## TASK ITEM
In the listing below, find the line holding "啤酒面包和金属玻璃在一个麦田与包男人把面包视频的预览图" and the line holding "Camiseta Deportiva de". Write out those two lines and all lines between, exactly, and nothing more.

## SUPPLIED DATA
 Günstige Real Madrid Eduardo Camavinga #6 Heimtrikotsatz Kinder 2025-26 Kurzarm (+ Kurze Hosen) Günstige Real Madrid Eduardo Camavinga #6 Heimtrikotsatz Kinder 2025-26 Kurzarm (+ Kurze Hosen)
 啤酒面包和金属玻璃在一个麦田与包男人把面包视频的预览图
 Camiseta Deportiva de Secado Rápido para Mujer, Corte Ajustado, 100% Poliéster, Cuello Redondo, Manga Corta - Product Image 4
...
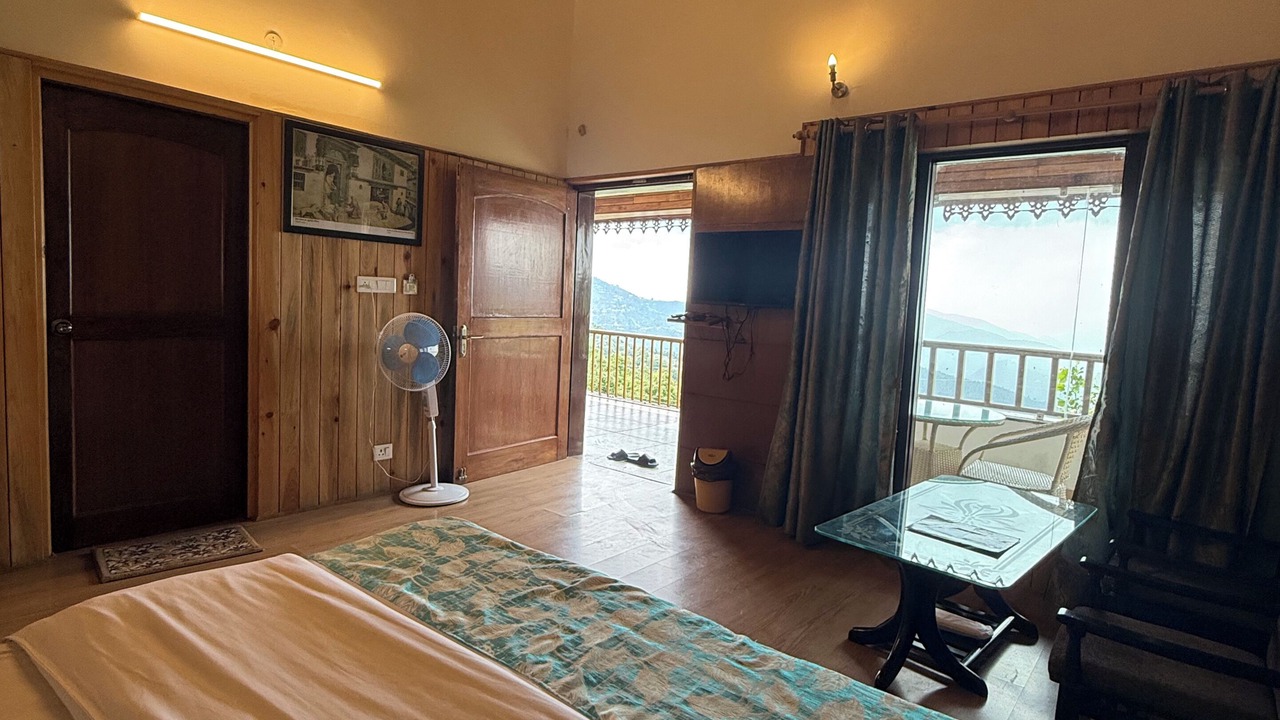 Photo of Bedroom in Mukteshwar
--
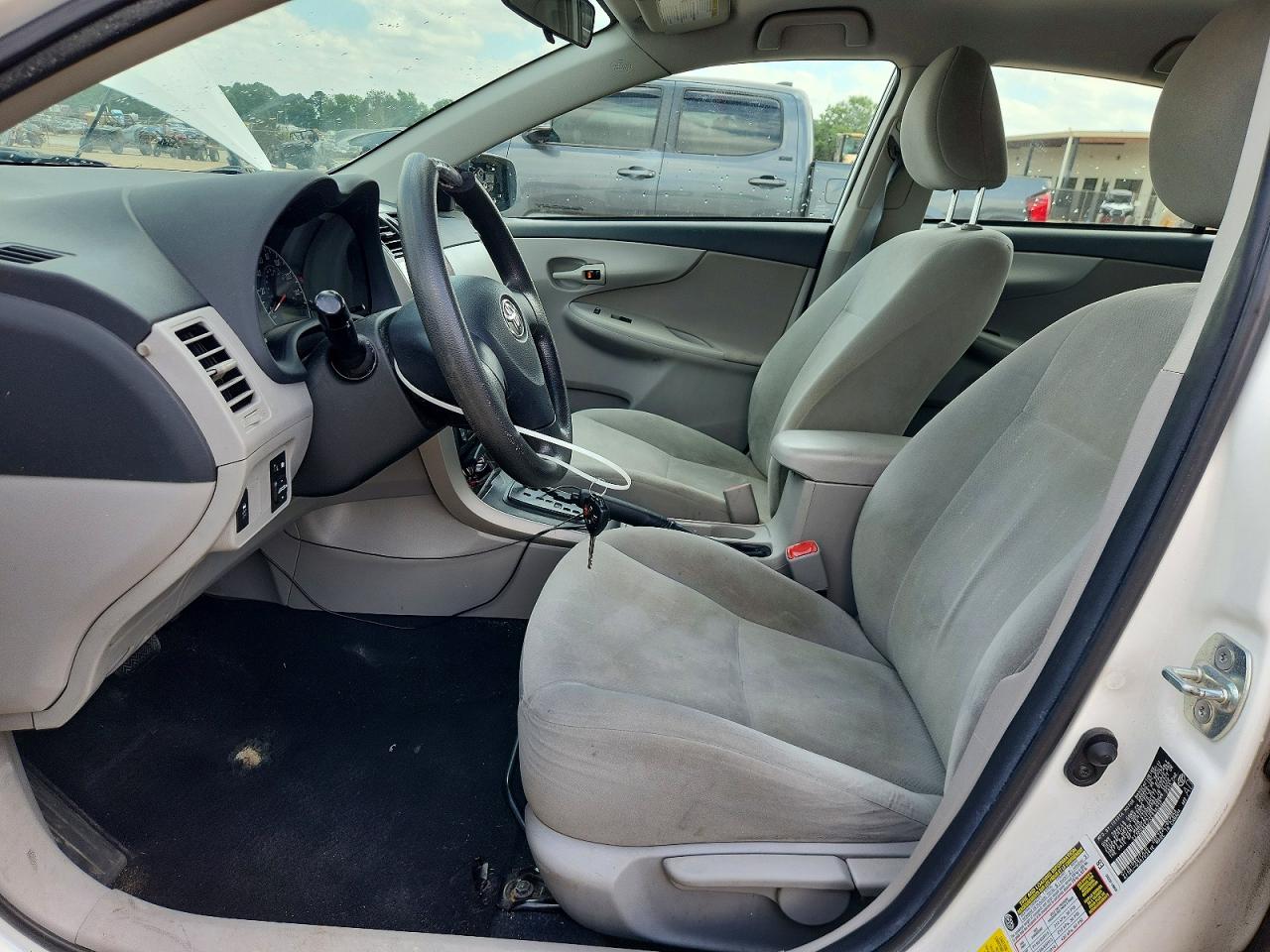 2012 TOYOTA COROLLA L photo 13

## SOLUTION TO THE EXERCISE
 啤酒面包和金属玻璃在一个麦田与包男人把面包视频的预览图
 Camiseta Deportiva de Secado Rápido para Mujer, Corte Ajustado, 100% Poliéster, Cuello Redondo, Manga Corta - Product Image 4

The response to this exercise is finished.